Fireproofing is ensured by the first phase jack structure 6A between the three doors 2A to 2C, and the second phase jack structure is provided between the ends of the three doors 2A to 2C in the ±Y axis direction and the three-sided frame 4. Flame retardancy is ensured by the interlock structure 6B, and flame retardance is ensured by the third phase interlock structure 6C between the +Z direction end of the first door 2A and the three-sided frame 4.

The moving speeds of the three doors 2A to 2C are different, and if the moving speed of the first door 2A along the Z-axis is 1, the moving speed of the second door 2B along the Z-axis is 2. Yes, and the moving speed of the third door 2C along the Z axis is 3. By providing such a speed difference, all the doors 2A to 2C can be accommodated and deployed at substantially the same time, and the doors 2A to 2C can be smoothly opened and closed.

5 and 6 are perspective views of the door, and FIG. 7 is a sectional view of the door. Note that FIG. 7 is a sectional view taken along the line 7-7 in FIGS. 5 and 6. As shown in FIGS. 5 to 7, a male member 8 is provided on one main surface (the main surface facing the -X direction) of the door 2 (see FIG. 5). The male member 8 of the first door 2A located at the top serves as the male member 8 of the second phase jack structure 6B and the third phase jack structure 6C. The remaining male members 8 of the second door 2B and the third door 2C function as the male members 8 of the first phase jack structure 6A and the second phase jack structure 6B. The male member 8 extends near the long side of the door 2 in the +Z direction and near the two short sides, and has a substantially L-shaped cross section (see FIG. 7) over its entire length. More specifically, the male member 8 extends in the +X direction from the main surface of the door, bends at a right angle at the end in the +X direction, and extends toward the center of the door 2. Therefore, the male member 8 has a substantially L-shaped portion in both the XZ cross section and the XY cross section.

Of the male member 8, a portion 8A having a substantially L-shape in the XZ cross section functions as a male member of the first phase jack structure 6A or the third phase jack structure 6C extending along the Y axis. More specifically, a portion 8A of the male member 8 of the first door 2A having a substantially L-shape in the XZ cross section functions as a male member of the third phase jack structure 6C. Furthermore, a portion 8A of the male member 8 of the second door 2B and the third door 2C, which has a substantially L-shape in the XZ cross section, functions as a male member of the first phase jack structure 6A. The male member of the first phase jack structure 6A or the third phase jack structure 6C is arranged near the long side of the main surface of the door in the +Z direction, that is, near the end of the door 2 in the +Z direction.

Further, a portion 8B of the male member 8 having a substantially L-shape in the XY cross section functions as a male member of the second phase jack structure 6B. The male member 8 of the second phase jack structure 6B is connected to the portion 8A of the male member 8 of the first phase jack structure 6A or the third phase jack structure 6C near the ends of the main surface of the door 2 in the ±Y direction. , extends to the -Z direction end of the main surface. The male member 8 (8A) of the first phase jack structure 6A or the third phase jack structure 6C and the male member 8 (8B) of the second phase jack structure 6B are continuous and do not discontinue at the intersection. . It is preferable that a flange portion 10 extending in the -X direction is formed at the tip of the male member 8.

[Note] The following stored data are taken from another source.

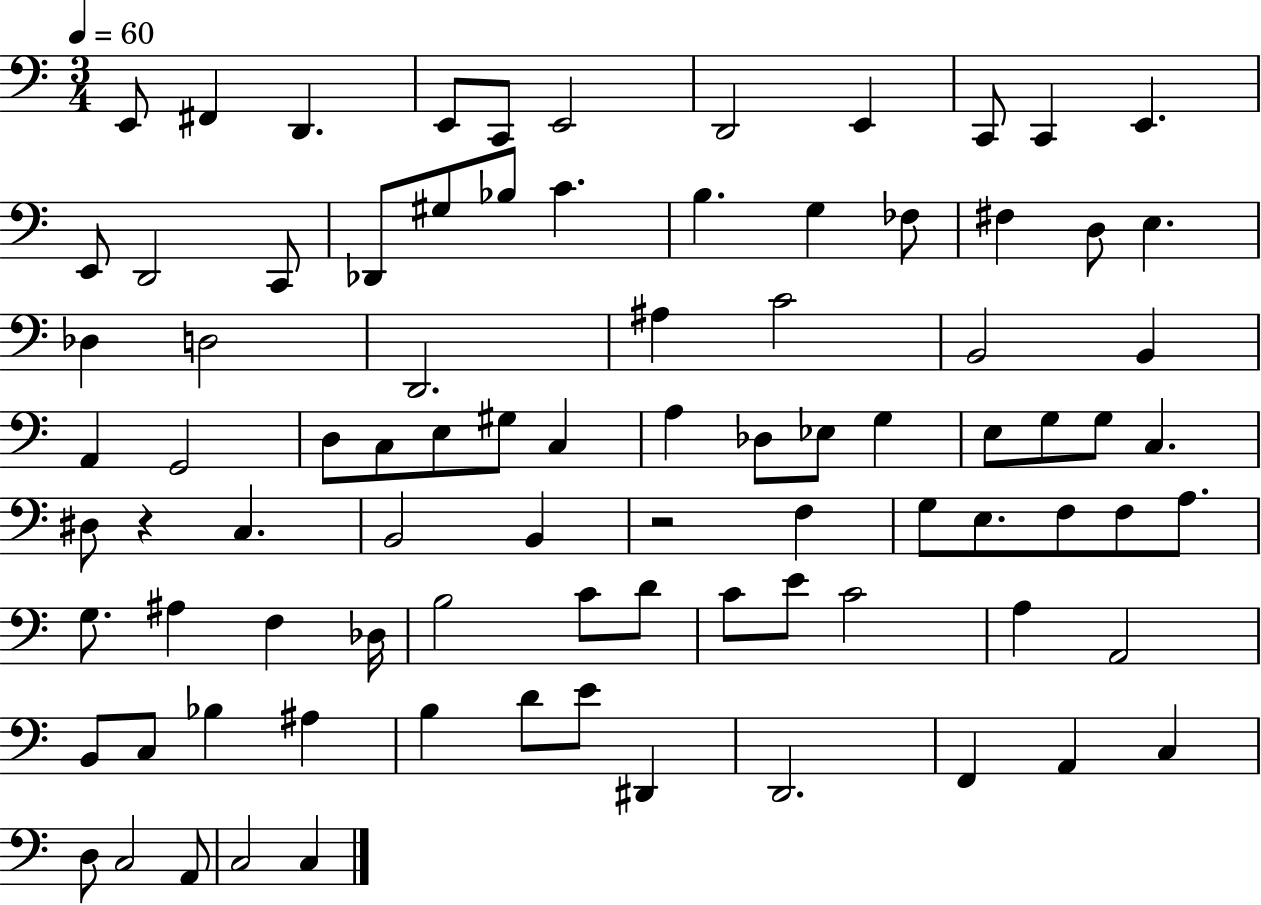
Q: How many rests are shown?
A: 2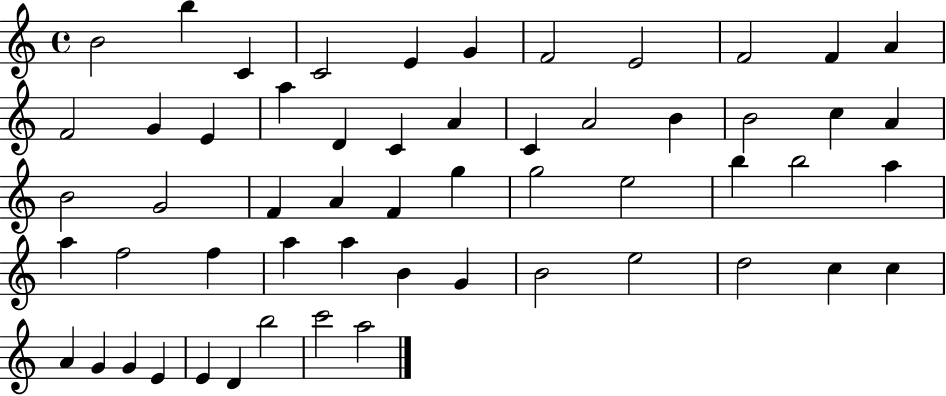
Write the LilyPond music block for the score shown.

{
  \clef treble
  \time 4/4
  \defaultTimeSignature
  \key c \major
  b'2 b''4 c'4 | c'2 e'4 g'4 | f'2 e'2 | f'2 f'4 a'4 | \break f'2 g'4 e'4 | a''4 d'4 c'4 a'4 | c'4 a'2 b'4 | b'2 c''4 a'4 | \break b'2 g'2 | f'4 a'4 f'4 g''4 | g''2 e''2 | b''4 b''2 a''4 | \break a''4 f''2 f''4 | a''4 a''4 b'4 g'4 | b'2 e''2 | d''2 c''4 c''4 | \break a'4 g'4 g'4 e'4 | e'4 d'4 b''2 | c'''2 a''2 | \bar "|."
}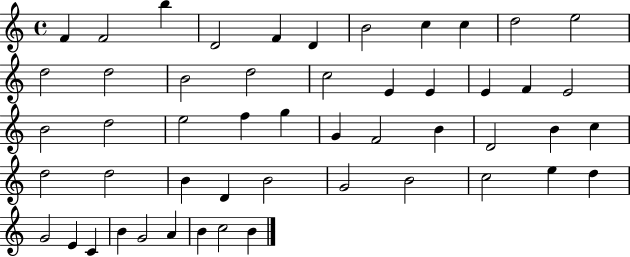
{
  \clef treble
  \time 4/4
  \defaultTimeSignature
  \key c \major
  f'4 f'2 b''4 | d'2 f'4 d'4 | b'2 c''4 c''4 | d''2 e''2 | \break d''2 d''2 | b'2 d''2 | c''2 e'4 e'4 | e'4 f'4 e'2 | \break b'2 d''2 | e''2 f''4 g''4 | g'4 f'2 b'4 | d'2 b'4 c''4 | \break d''2 d''2 | b'4 d'4 b'2 | g'2 b'2 | c''2 e''4 d''4 | \break g'2 e'4 c'4 | b'4 g'2 a'4 | b'4 c''2 b'4 | \bar "|."
}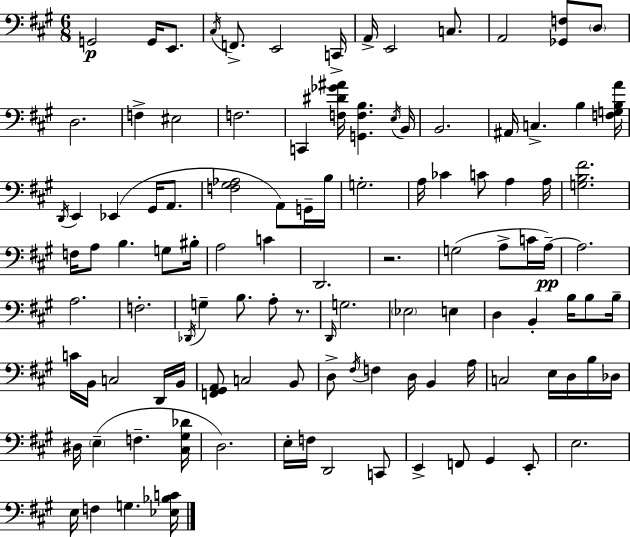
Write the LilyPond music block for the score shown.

{
  \clef bass
  \numericTimeSignature
  \time 6/8
  \key a \major
  g,2\p g,16 e,8. | \acciaccatura { cis16 } f,8.-> e,2 | c,16-> a,16-> e,2 c8. | a,2 <ges, f>8 \parenthesize d8 | \break d2. | f4-> eis2 | f2. | c,4 <f dis' ges' ais'>16 <g, f b>4. | \break \acciaccatura { e16 } b,16 b,2. | ais,16 c4.-> b4 | <f g b a'>16 \acciaccatura { d,16 } e,4 ees,4( gis,16 | a,8. <f gis aes>2 a,8) | \break g,16-- b16 g2.-. | a16 ces'4 c'8 a4 | a16 <g b fis'>2. | f16 a8 b4. | \break g8 bis16-. a2 c'4 | d,2. | r2. | g2( a8-> | \break c'16 a16--~~\pp) a2. | a2. | f2.-. | \acciaccatura { des,16 } g4-- b8. a8-. | \break r8. \grace { d,16 } g2. | \parenthesize ees2 | e4 d4 b,4-. | b16 b8 b16-- c'16 b,16 c2 | \break d,16 b,16 <f, gis, a,>8 c2 | b,8 d8-> \acciaccatura { fis16 } f4 | d16 b,4 a16 c2 | e16 d16 b16 des16 dis16 \parenthesize e4--( f4.-- | \break <cis gis des'>16 d2.) | e16-. f16 d,2 | c,8 e,4-> f,8 | gis,4 e,8-. e2. | \break e16 f4 g4. | <ees bes c'>16 \bar "|."
}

The female member 12 of the first phase jack structure 6A is provided on the other main surface of the door 2 (the main surface facing the +X direction) (see FIG. 6). The female member 12 of the first phase jack structure 6A is provided in the first door 2A and the second door 2B other than the third door 2C at the lowest stage. The female member 12 of the first phase jack structure 6A has a floor portion 12A extending in the +X direction from the other main surface of the door 2 when viewed from the Y direction, and a floor portion 12A extending in the +Z direction from the +X direction end of the floor portion 12A. It has a substantially L-shape with a wall portion 12B. The female member 12 receives the male member 8 from the +Z direction together with the other main surface. The length of the floor portion 12A along the Y-axis is shorter than the length of the wall portion 12B along the Y-axis and the length of the male member 8 along the Y-axis. Further, at both ends of the female member 12 in the ±Y direction, only the wall portion 12B is formed, and the floor portion 12A is not formed. A female member of a second phase jack structure 6B, which will be described later, is connected to the notch in which the floor portion 12A is not formed, and a female member 12 of the first phase jack structure 6A and a second phase jack structure 6B are connected to each other. The female member is continuous.

The third door 2C is not provided with a female member. It is preferable that a packing 14 that contacts the ground G is provided on the -Z direction end surface of the third door 2C. In order to suppress the airtightness from decreasing due to unevenness of the ground G, a receiving member such as a lintel plate is embedded, and the packing 14 and the lintel plate are brought into contact when the door is closed. This further improves the airtightness of the bottom.

Further, it is preferable that a packing 16 is formed on the floor portion 12A. The packing 16 has, for example, a rounded end in the +Z direction, and extends along the Y axis over the entire length of the floor portion 12A. The flange portion 10 of the male member 8 of the first phase jack structure 6A contacts the rounded portion of the packing 16. By bringing the flange portion 10, which has a length along the X-axis, into contact with the packing 16, the two can be brought into contact reliably even if the two are not precisely positioned.

In an embodiment in which the packing 16 is not provided on the floor portion 12A, a collapsible structure in which the tip of the male member 8 is brought into contact with the floor portion 12A of the female member 12 is used to connect the doors 2A to 2C or to the doors 2A to 2C from three sides. All you have to do is connect the frames 4. In either case, the doors 2A to 2C or the doors 2A to 2C and the three-sided frame 4 should be connected to each other without any gaps and in contact with each other to the extent that the flame resistance required for specified fire prevention equipment is satisfied. It is enough.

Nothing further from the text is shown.